§ Dataset records:
--------------------------------

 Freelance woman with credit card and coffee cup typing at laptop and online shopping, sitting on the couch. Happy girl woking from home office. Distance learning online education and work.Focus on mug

--------------------------------

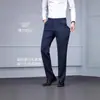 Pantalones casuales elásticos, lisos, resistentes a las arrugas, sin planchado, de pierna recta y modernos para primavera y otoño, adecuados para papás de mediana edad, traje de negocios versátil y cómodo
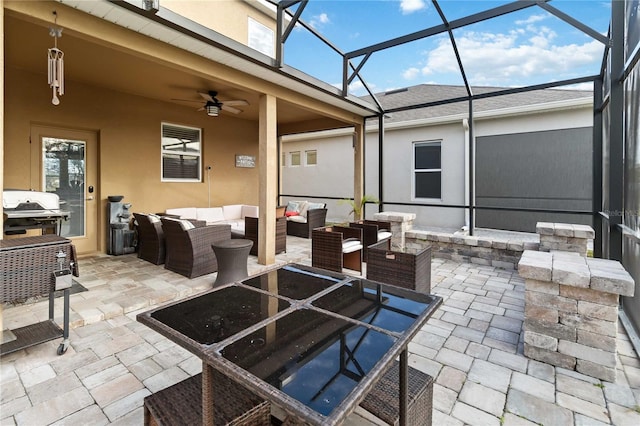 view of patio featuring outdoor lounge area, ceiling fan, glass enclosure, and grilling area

--------------------------------

§ To do:
Would you please repeat only the lines above, beginning at the one that has "Pantalones casuales elásticos, lisos, resistentes" and stopping after the one that has "view of patio", exactly and with no pictures?

§ Task result:
 Pantalones casuales elásticos, lisos, resistentes a las arrugas, sin planchado, de pierna recta y modernos para primavera y otoño, adecuados para papás de mediana edad, traje de negocios versátil y cómodo
 view of patio featuring outdoor lounge area, ceiling fan, glass enclosure, and grilling area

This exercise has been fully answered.